START Supplied information

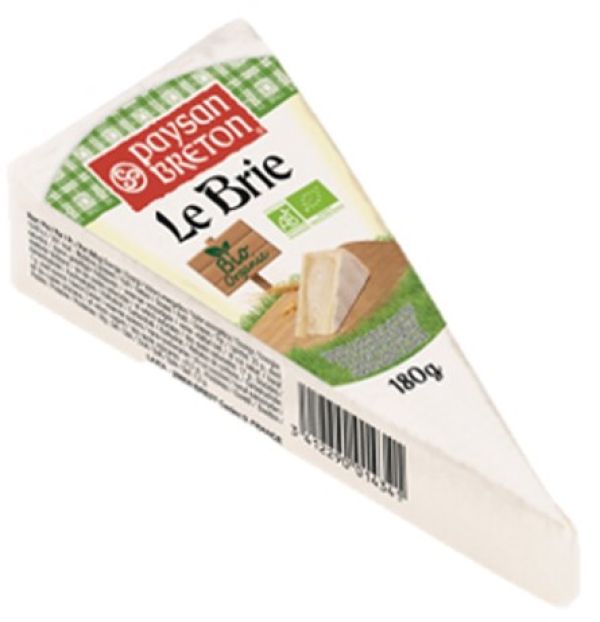 Le Brie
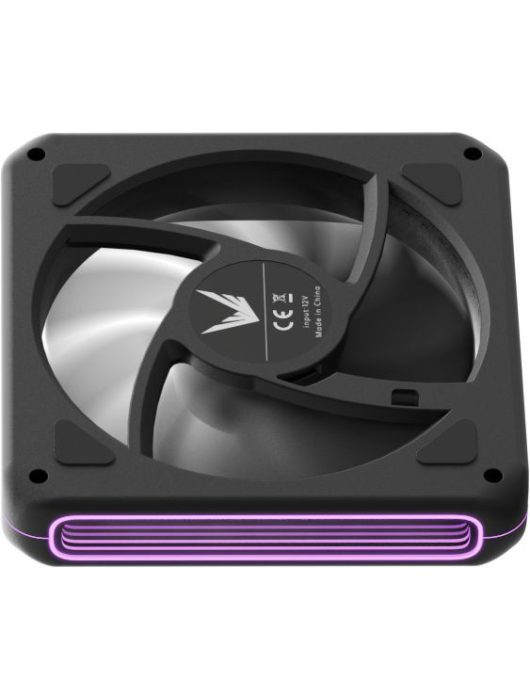 Formula Air Fusion 1 Black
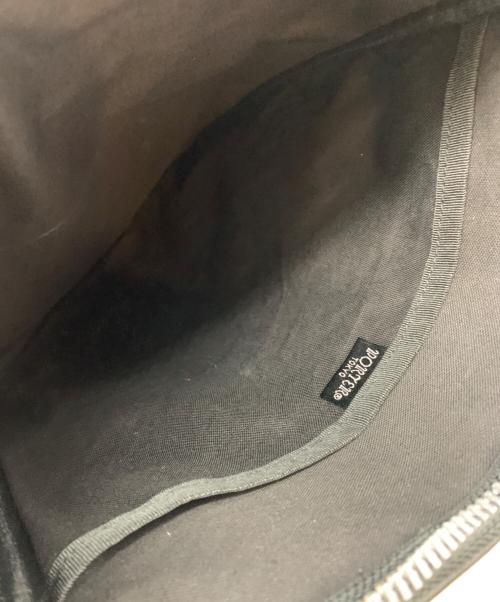 PORTER（ポーター）PORTER (ポーター) ショルダーバッグ ブラックの古着・服飾アイテム
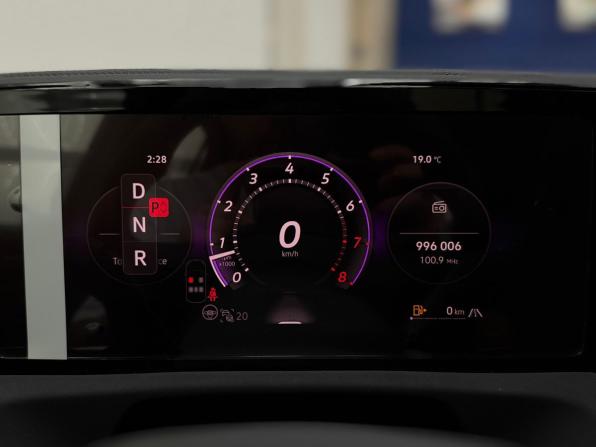 Volkswagen Tiguan III (China Market) с пробегом 2026 года, цена 4 990 000 рублей, 55 км, внедорожник, Автокод Объявления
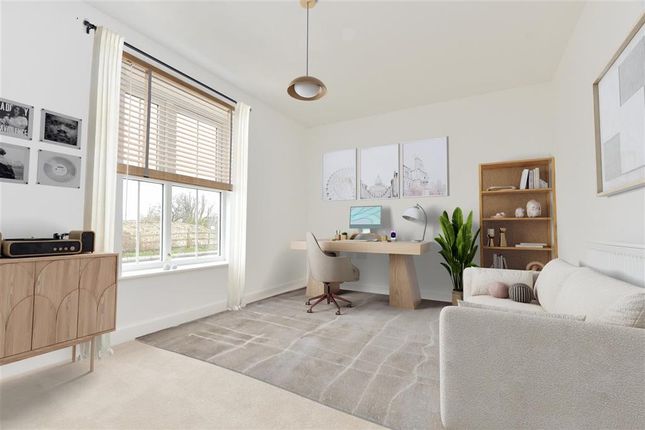 Study/Playroom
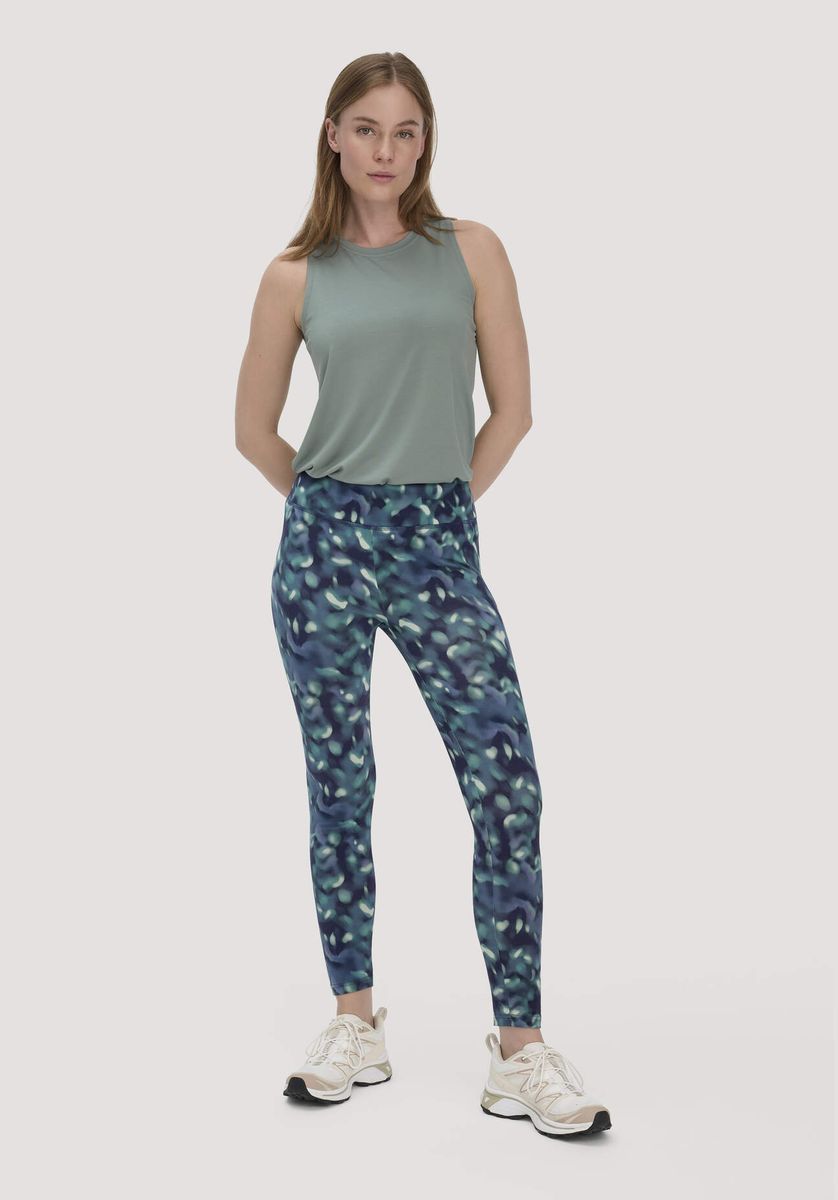 Nachhaltiges Active Tanktop aus Lyocell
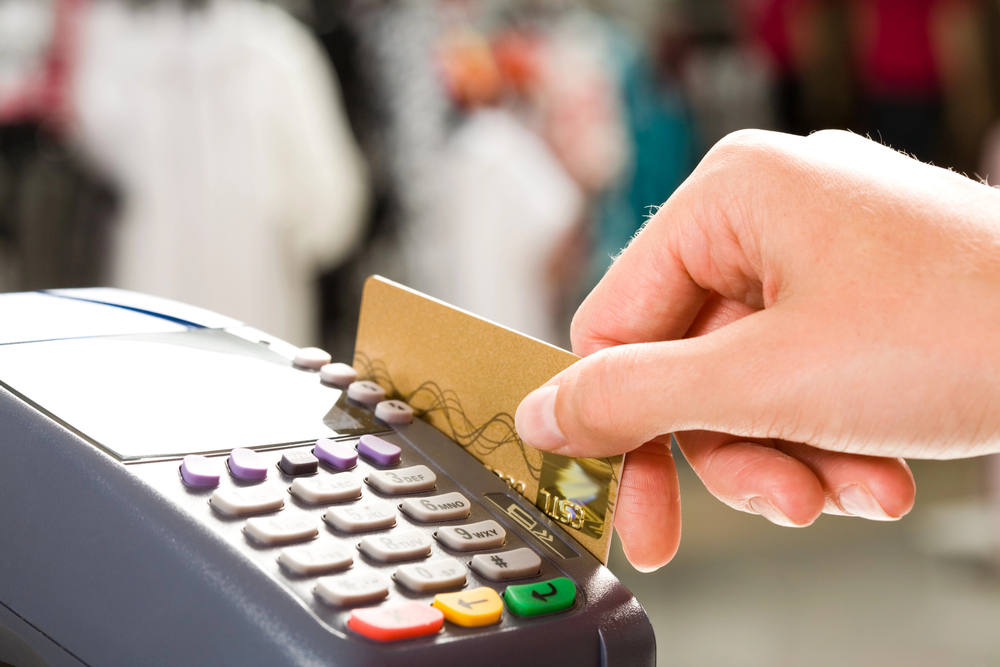 Visa 和 MasterCard 就刷卡手续费上限达成集体诉讼和解协议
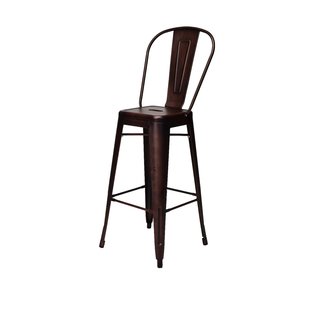 310x310 Gold Patio Bar Stools You'Ll Love Wayfair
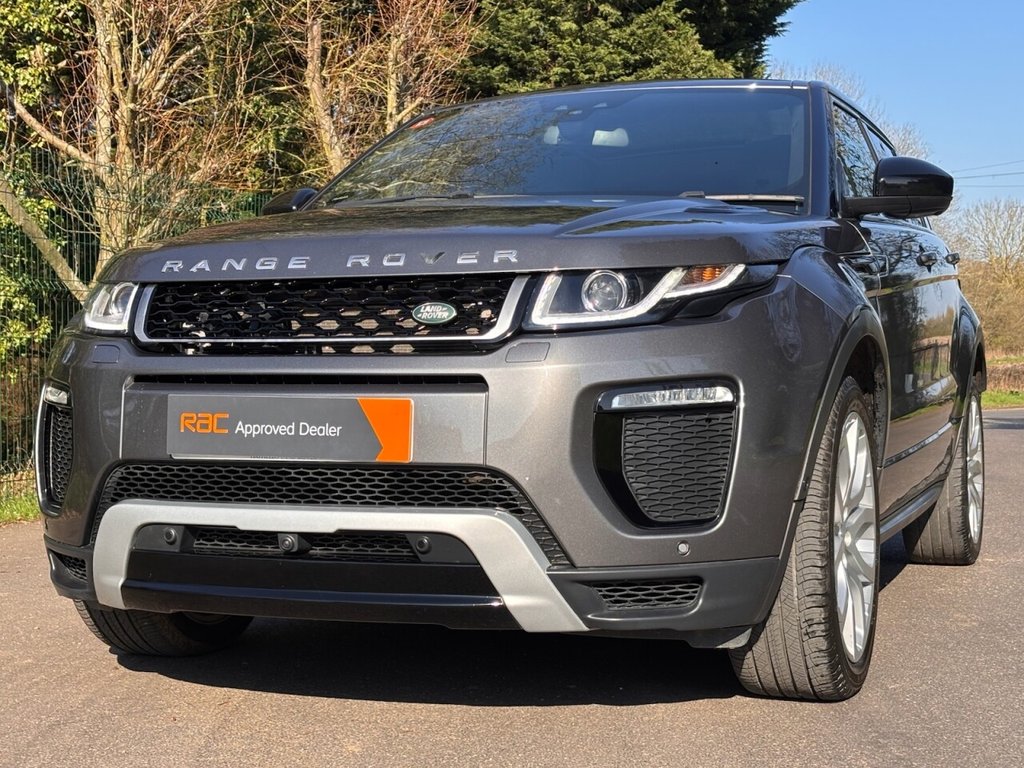Used Land Rover Range Rover Evoque 2019 for sale - 78029730: Photo 8
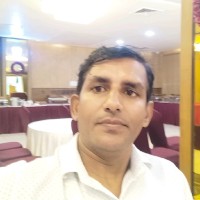 DPMI India Employee Nishar Alam's profile photo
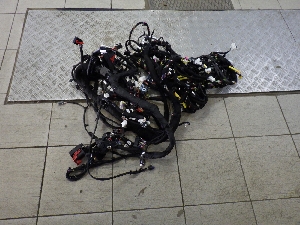 CHERY TIGGO 8 PRO MAX  жгут моторного отсека 806005803AA 2023г. арт.1466944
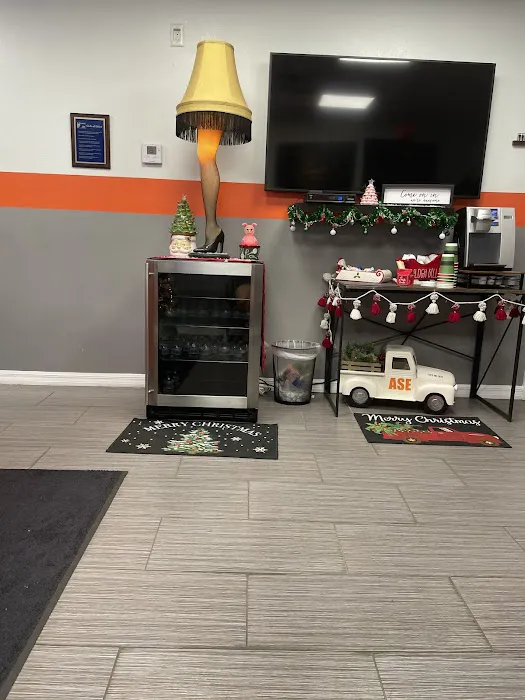 Auto Service Experts Inc Picture 4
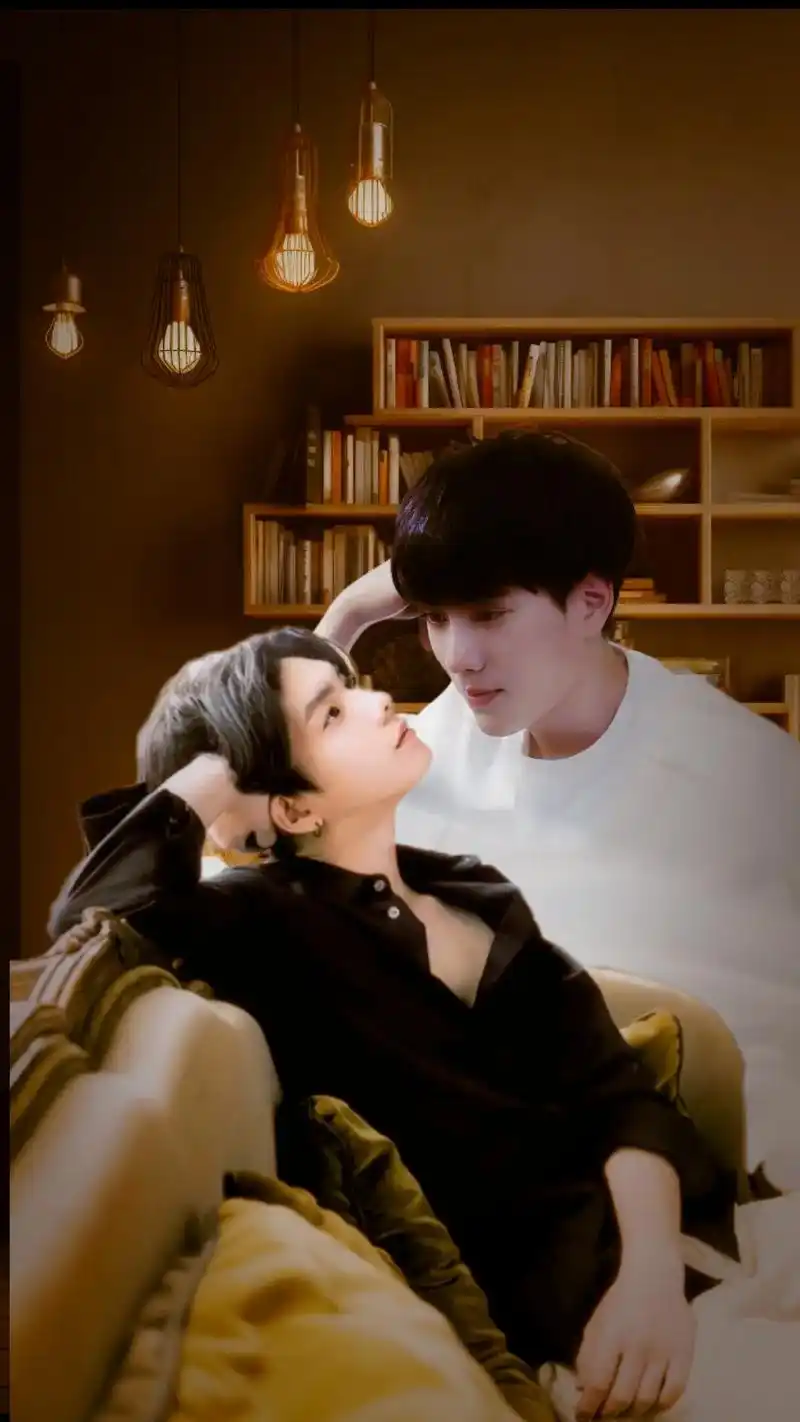 林子闳杨宇腾 #samyu #双男主 #满眼宠溺 在你身边 - 抖音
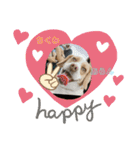 ちくわちゃん ❷（個別スタンプ：23）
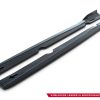 Ford Fiesta ST / ST-line Mk7 - Lâminas para Embaladeiras V.3 | FO-FI-7/7F-ST-SD3G | Produto Maxton Design distribuído por Unicartuning. Ford Fiesta ST / ST-line Mk7 - Lâminas para Embaladeiras V.3 | FO-FI-7/7F-ST-SD3G | Produto Maxton Design distribuído por Unicartuning.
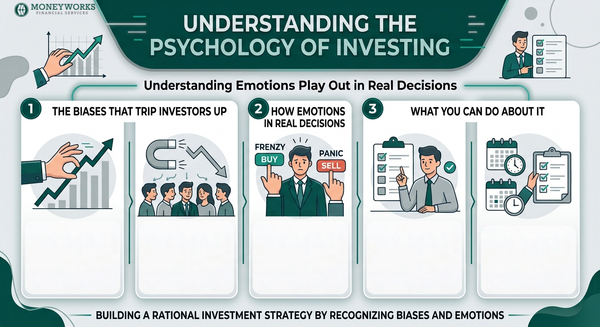 Why Your Emotions Could Be Costing You Money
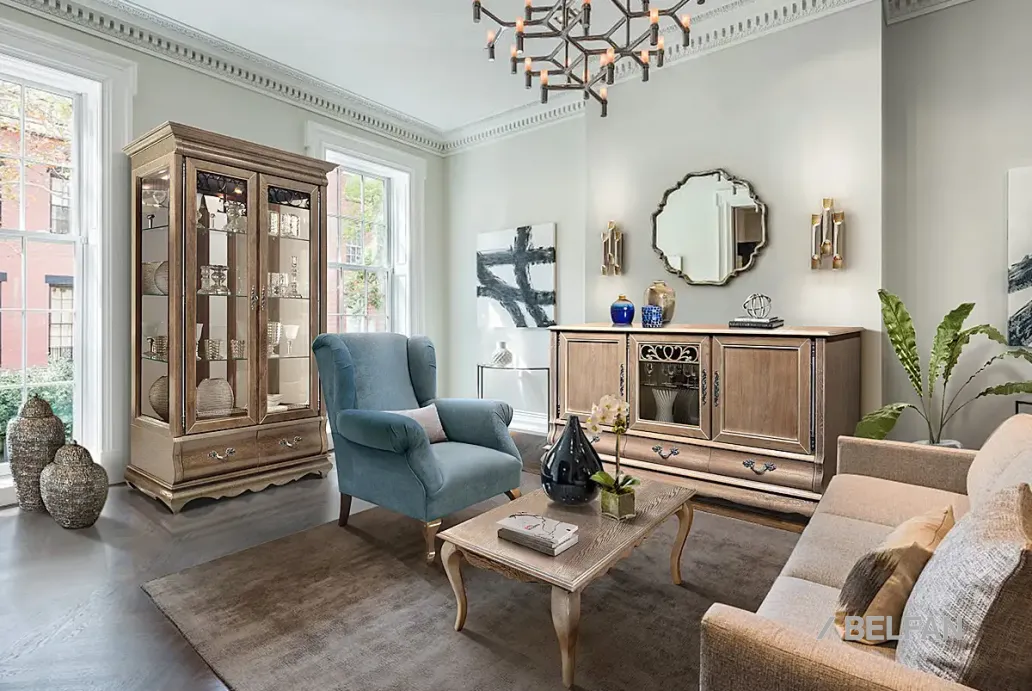 ШОТТЭ кресло #5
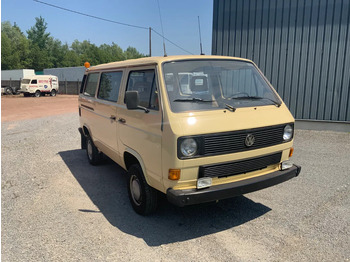 Mobil VOLKSWAGEN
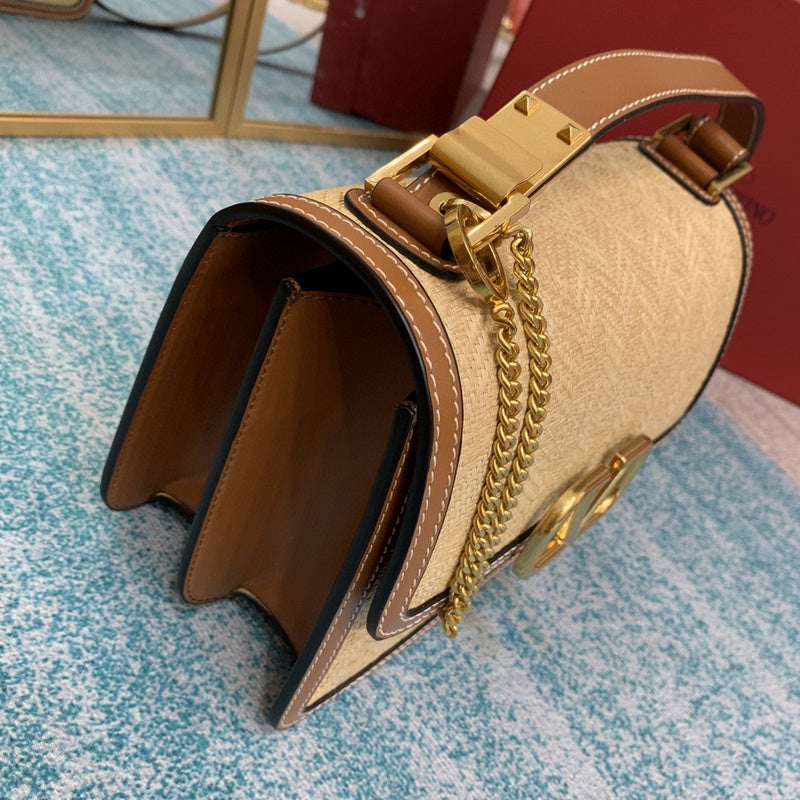 Luxurious Totes - Latest - 4512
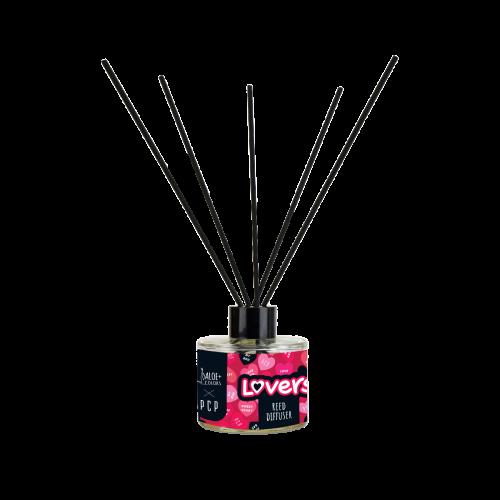 Lovers Reed Diffuser 125ml
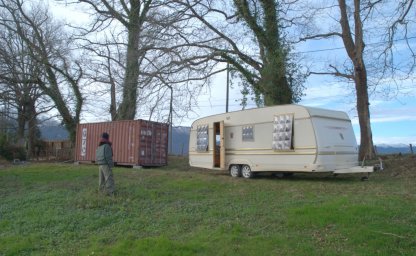 L'élagueur, le container, et la comtesse de Courtefesse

END Supplied information

Task >> In the answer, retype exactly and only the lines from the one holding "PORTER（ポーター）PORTER (ポーター) ショルダーバッグ" through the end of the listing, keeping both ends and dropping every picture.

Task solution >>
 PORTER（ポーター）PORTER (ポーター) ショルダーバッグ ブラックの古着・服飾アイテム
 Volkswagen Tiguan III (China Market) с пробегом 2026 года, цена 4 990 000 рублей, 55 км, внедорожник, Автокод Объявления
 Study/Playroom
 Nachhaltiges Active Tanktop aus Lyocell
 Visa 和 MasterCard 就刷卡手续费上限达成集体诉讼和解协议
 310x310 Gold Patio Bar Stools You'Ll Love Wayfair
Used Land Rover Range Rover Evoque 2019 for sale - 78029730: Photo 8
 DPMI India Employee Nishar Alam's profile photo
 CHERY TIGGO 8 PRO MAX  жгут моторного отсека 806005803AA 2023г. арт.1466944
 Auto Service Experts Inc Picture 4
 林子闳杨宇腾 #samyu #双男主 #满眼宠溺 在你身边 - 抖音
 ちくわちゃん ❷（個別スタンプ：23）
 Ford Fiesta ST / ST-line Mk7 - Lâminas para Embaladeiras V.3 | FO-FI-7/7F-ST-SD3G | Produto Maxton Design distribuído por Unicartuning. Ford Fiesta ST / ST-line Mk7 - Lâminas para Embaladeiras V.3 | FO-FI-7/7F-ST-SD3G | Produto Maxton Design distribuído por Unicartuning.
 Why Your Emotions Could Be Costing You Money
 ШОТТЭ кресло #5
 Mobil VOLKSWAGEN
 Luxurious Totes - Latest - 4512
 Lovers Reed Diffuser 125ml
 L'élagueur, le container, et la comtesse de Courtefesse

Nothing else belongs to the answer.